In the entries below, find the line with "Westies 90s Vintage" and the line with "当年，于荣光怎么也想不通，结". Repeat exactly everything between them, those two lines included, but not the pictures.

[[ Data for this exercise open ]]

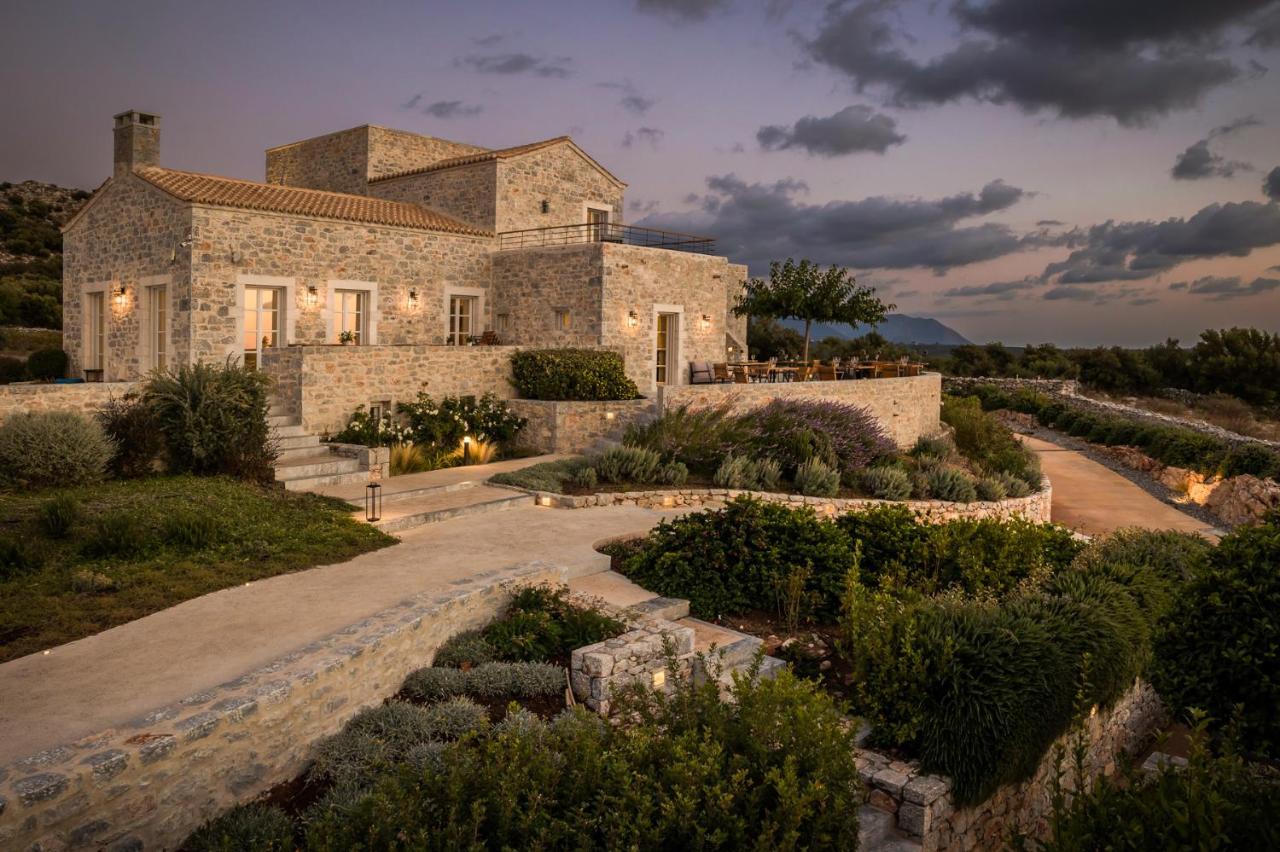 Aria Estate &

[[ Data for this exercise closed ]]
[[ Data for this exercise open ]]

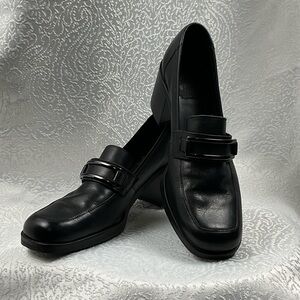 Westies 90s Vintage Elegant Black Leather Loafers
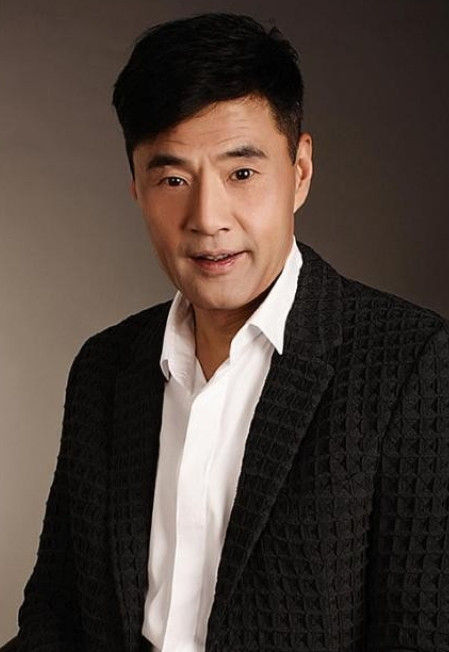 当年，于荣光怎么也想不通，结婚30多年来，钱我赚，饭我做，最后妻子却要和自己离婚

[[ Data for this exercise closed ]]
[[ Data for this exercise open ]]

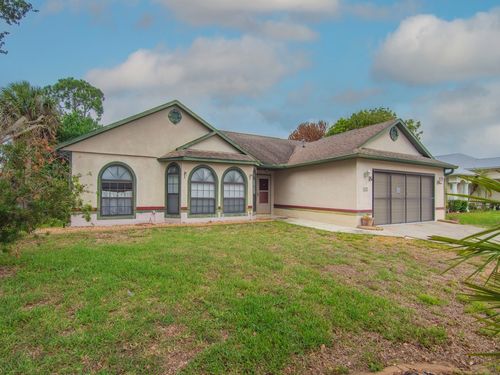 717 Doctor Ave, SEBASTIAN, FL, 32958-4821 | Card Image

[[ Data for this exercise closed ]]

§ Response for this exercise:
 Westies 90s Vintage Elegant Black Leather Loafers
 当年，于荣光怎么也想不通，结婚30多年来，钱我赚，饭我做，最后妻子却要和自己离婚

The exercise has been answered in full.